§ Crawled caption data
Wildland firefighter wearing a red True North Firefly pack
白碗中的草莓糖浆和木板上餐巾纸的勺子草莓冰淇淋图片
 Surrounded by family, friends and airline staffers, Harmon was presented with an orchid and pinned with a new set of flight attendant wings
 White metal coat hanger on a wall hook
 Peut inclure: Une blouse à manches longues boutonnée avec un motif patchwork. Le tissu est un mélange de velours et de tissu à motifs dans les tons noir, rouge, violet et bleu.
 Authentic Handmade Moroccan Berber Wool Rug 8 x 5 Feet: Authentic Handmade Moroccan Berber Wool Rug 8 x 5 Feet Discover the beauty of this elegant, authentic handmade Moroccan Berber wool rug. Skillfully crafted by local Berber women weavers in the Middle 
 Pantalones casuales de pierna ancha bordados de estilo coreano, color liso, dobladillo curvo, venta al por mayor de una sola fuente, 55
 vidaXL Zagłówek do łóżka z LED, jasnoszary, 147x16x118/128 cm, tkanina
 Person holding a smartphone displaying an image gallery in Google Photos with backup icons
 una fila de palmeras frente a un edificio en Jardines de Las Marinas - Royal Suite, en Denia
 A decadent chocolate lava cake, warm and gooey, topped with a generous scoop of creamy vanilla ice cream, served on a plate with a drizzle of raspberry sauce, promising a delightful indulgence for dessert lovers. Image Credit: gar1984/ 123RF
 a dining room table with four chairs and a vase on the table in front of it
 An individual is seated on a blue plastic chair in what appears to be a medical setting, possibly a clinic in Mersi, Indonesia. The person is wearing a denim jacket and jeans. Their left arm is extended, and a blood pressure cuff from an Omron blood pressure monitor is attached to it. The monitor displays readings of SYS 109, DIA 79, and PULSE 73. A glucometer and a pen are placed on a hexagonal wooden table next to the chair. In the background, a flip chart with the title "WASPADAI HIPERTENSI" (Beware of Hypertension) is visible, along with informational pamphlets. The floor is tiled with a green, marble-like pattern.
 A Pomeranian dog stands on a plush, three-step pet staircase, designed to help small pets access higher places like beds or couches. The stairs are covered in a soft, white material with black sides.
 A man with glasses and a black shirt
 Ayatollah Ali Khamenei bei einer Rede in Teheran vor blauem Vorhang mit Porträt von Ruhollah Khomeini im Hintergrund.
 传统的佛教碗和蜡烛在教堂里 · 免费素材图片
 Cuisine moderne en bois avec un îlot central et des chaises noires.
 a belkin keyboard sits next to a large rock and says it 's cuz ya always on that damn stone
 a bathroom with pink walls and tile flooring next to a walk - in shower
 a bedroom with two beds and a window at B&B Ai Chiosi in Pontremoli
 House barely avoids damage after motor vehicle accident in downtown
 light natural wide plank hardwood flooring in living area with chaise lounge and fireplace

§ WORK TO COMPLETE
If the word "wearing" appears in a line above, copy that line.

§ WORKED SOLUTION
Wildland firefighter wearing a red True North Firefly pack
 An individual is seated on a blue plastic chair in what appears to be a medical setting, possibly a clinic in Mersi, Indonesia. The person is wearing a denim jacket and jeans. Their left arm is extended, and a blood pressure cuff from an Omron blood pressure monitor is attached to it. The monitor displays readings of SYS 109, DIA 79, and PULSE 73. A glucometer and a pen are placed on a hexagonal wooden table next to the chair. In the background, a flip chart with the title "WASPADAI HIPERTENSI" (Beware of Hypertension) is visible, along with informational pamphlets. The floor is tiled with a green, marble-like pattern.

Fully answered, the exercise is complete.